Burning the Evidence
Beauchamp offers Albert a choice: he alone possesses these proofs, and no human power can force him to a duel that Albert’s own conscience would later reproach. He offers to destroy the attestations and keep this frightful secret forever. The papers are entrusted to their friendship alone. Albert throws himself on Beauchamp’s neck, calling him a noble fellow, and seizes the papers with trembling hands. He tears them to pieces, then burns every fragment at the wax-light kept for cigars, trembling lest any vestige escape to confront him someday. As the papers turn to blackened ash, Beauchamp wishes that all may be forgotten as a sorrowful dream. Albert burns the last sparks, hoping only that their eternal friendship may be transmitted to their children’s children, reminding him that he owes his life and honor to Beauchamp—for had this become public, Albert would have destroyed himself or fled the country to spare his mother.
The Broken Engagement
This factitious joy soon fades, replaced by deeper grief. Albert cannot in a moment relinquish the respect, confidence, and pride that a father’s untarnished name inspired. He wonders how he can face his father now—whether to draw back from his embrace or withhold his hand.

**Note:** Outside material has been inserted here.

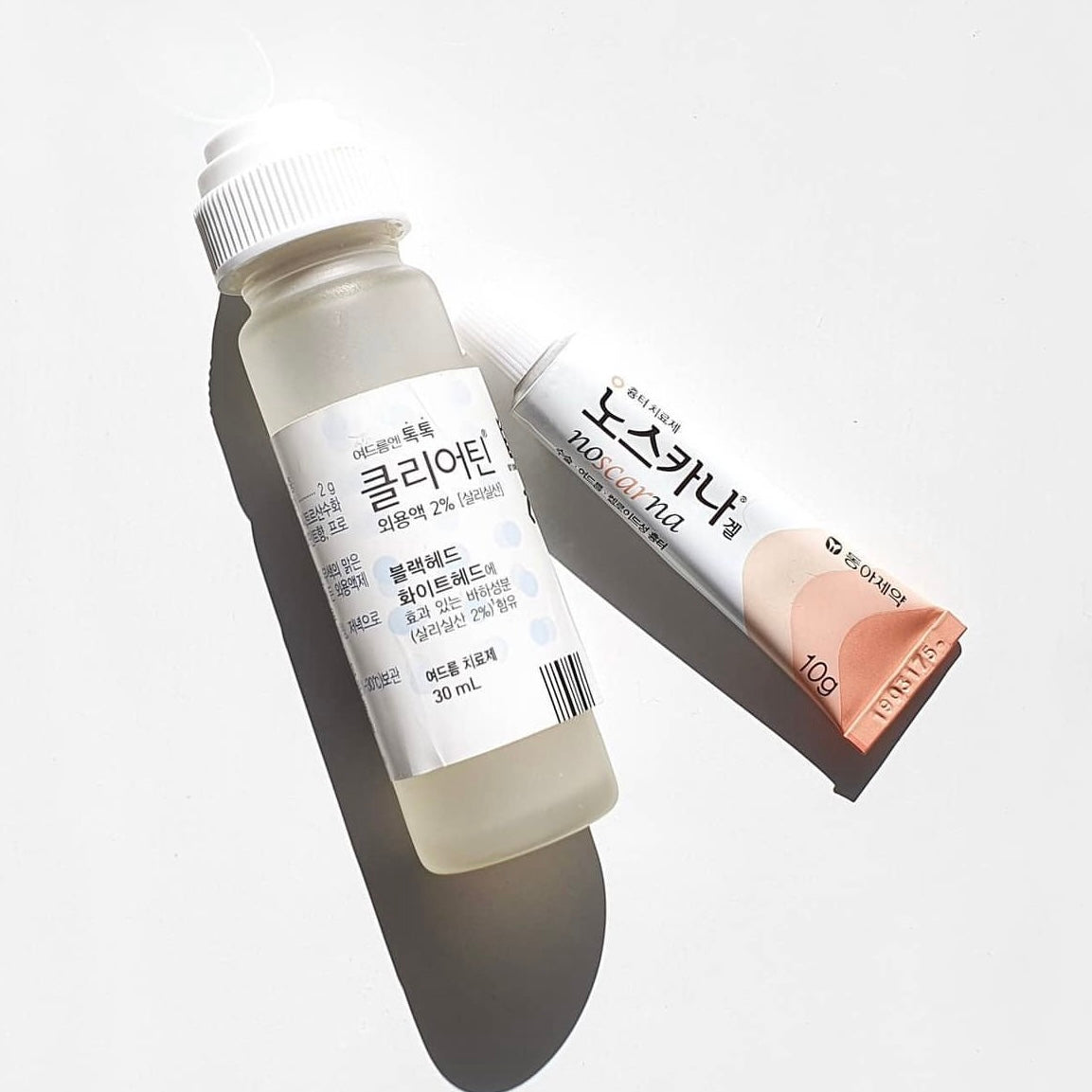 韓國藥房專賣🤍Handok 韓國國民去痘痘水| Handok Topical Acne Treatment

He grieves for his mother, whose portrait hangs before him, wondering if she somehow already knows and suffers. Beauchamp takes his hands and urges him to take courage. When Albert asks who inserted that first note in the journal, Beauchamp suggests an unknown enemy, an invisible foe, may have orchestrated this. He advises Albert to fortify himself, show no trace of emotion, and bear his grief like a cloud that carries ruin within it—a fatal secret known only when the storm bursts. Albert asks if all is not yet over, and Beauchamp admits all things are possible. He then asks about the Danglars marriage, suggesting the rupture or fulfillment of that engagement may connect to the person they have been discussing. Albert reveals that the engagement is already broken off, and Beauchamp seems satisfied.